Campaigners are also hoping the government uses the Domestic Abuse Bill to change the way benefits are paid to women fleeing abuse. Universal credit is currently paid by default into one account when claimed jointly with a partner. Some argue it instead should be paid separately to each claimant by default, to prevent abusers from perpetrating economic abuse. These issues compound to make migrant women less likely to report domestic abuse, as they know they will struggle when leaving their abusive situation.

Explaining the issue while in the House of Lords, Baroness Meacher stated, “Migrant women with insecure immigration status are, in my view, very understandably reluctant to report domestic abuse to the statutory services”. This is because, as a result of the current hostile environment policies that have been in place since 2012, police routinely share personal data about domestic abuse victims with the Home Office for immigration control purposes. Many members of the House of Lords support an amendment that would prevent this from occurring.

Meacher stated on this, “This reluctance [to report] is due to the current data-sharing agreements between statutory services, including the police and the Home Office, for immigration control purposes. This means that women affected cannot seek support or a safe place to go, with the most appalling consequences, as one can very easily imagine. Perpetrators are not being brought to justice.”

This fear to report is justified. Studies have found that since the policy of data sharing was created, the number of women deported after reporting domestic abuse has risen from 12% to 30%. This is worrying, as it reinforces a trend of criminalising the victim of domestic abuse for speaking up, rather than the perpetrator for their actions.
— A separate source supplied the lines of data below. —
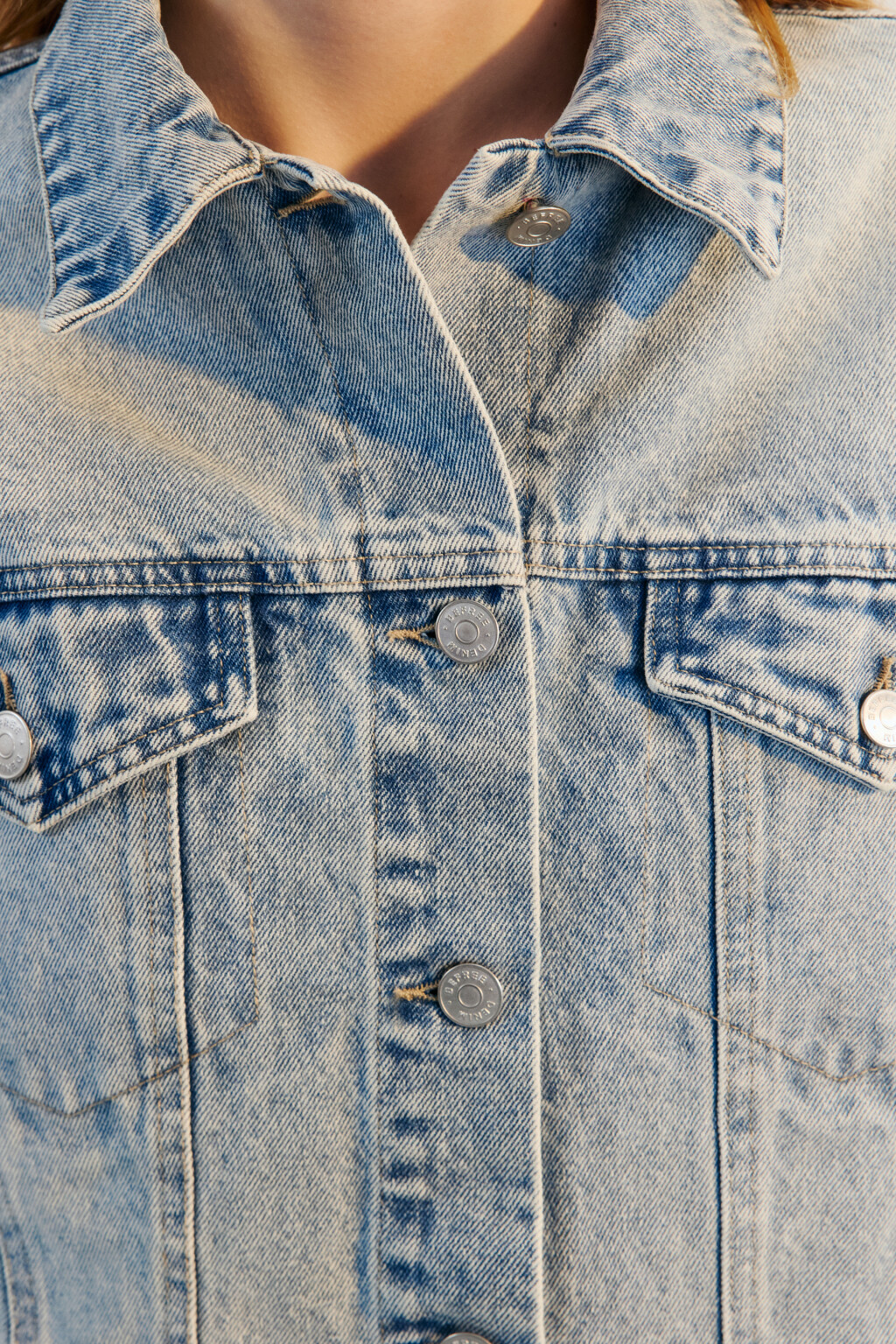 Куртка джинсовая укороченная с открытыми срезами - цвет синий - 7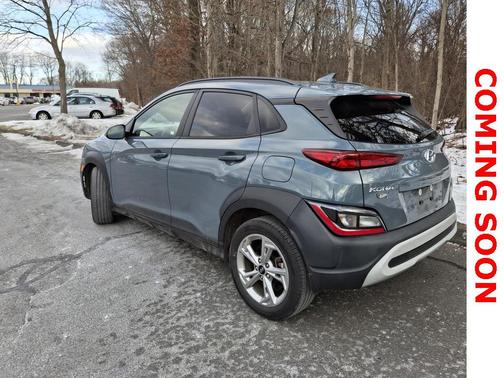 2022 Hyundai KONA SEL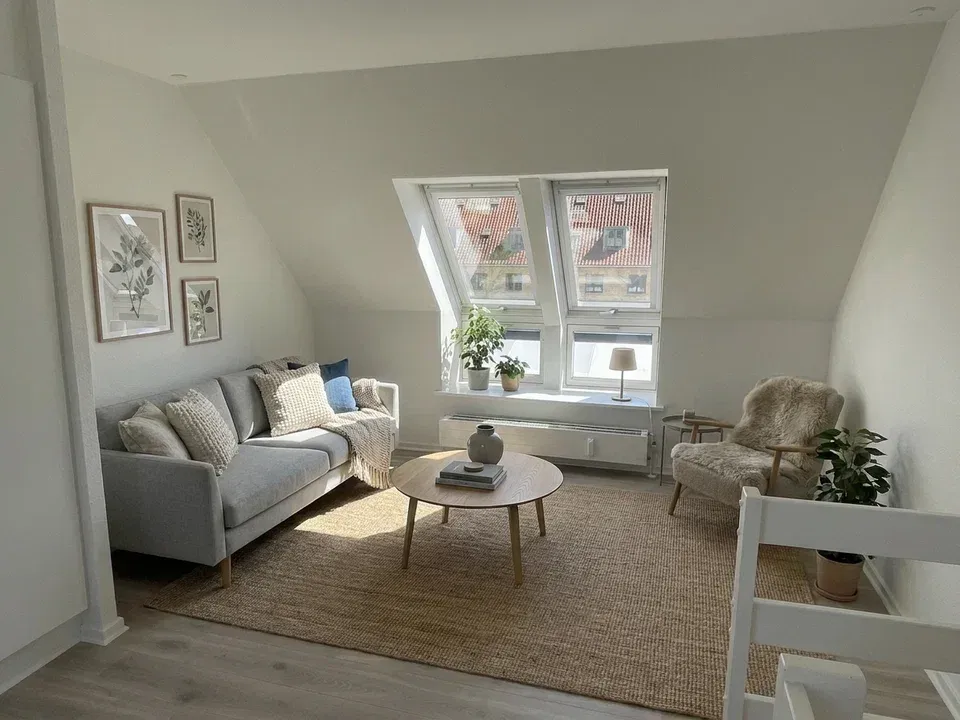 Renoveret 2-værelses i to plan med lys stue og moderne køkken.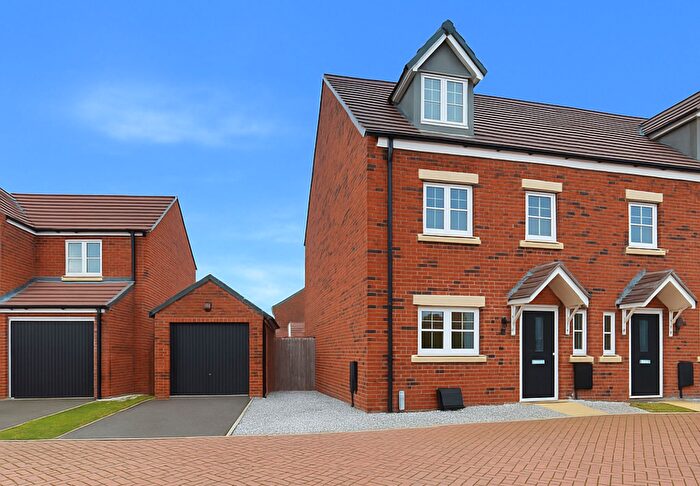 4 Bedroom Town House For Sale In Wilton Avenue, Hampton Gardens, PE7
The Lord Bishop of London mirrored this anxiety, stating: “I fear that this blind spot enables offenders and abusers to use police involvement as a threat to their victims, rather than the source of protection that it should be. Various countries around the world have demonstrated that firewalls can be and are being implemented in different ways to create separation between public services and immigration enforcement.”

In response to one of the issues discussed, the UK government announced a pilot scheme to assess the needs of migrant women and provide those with No Recourse to Public Funds with emergency accommodation. However, some have argued that the scheme is unnecessary, as the needs of the migrant women are the same as that of every other woman, yet it is the immigration system restricting their access to support.

The blind spots in the Bill relating mostly to migrant women showcases a key issue within the current British government. Priority is too often given to controlling immigration, and in most cases, preventing it; seen through the continuation of hostile environment policies. This has resulted in migrant women who live within the UK being forgotten, left behind and completely overlooked - even in a piece of legislation that should be designed to promote the protection of all women.

The issues highlighted are extremely important, and the Domestic Abuse Bill is a chance to protect millions of women who are currently being overlooked. The voices of those this is impacting must be amplified, and awareness must be spread of the risk that the passing of the Bill could pose if amendments are not made.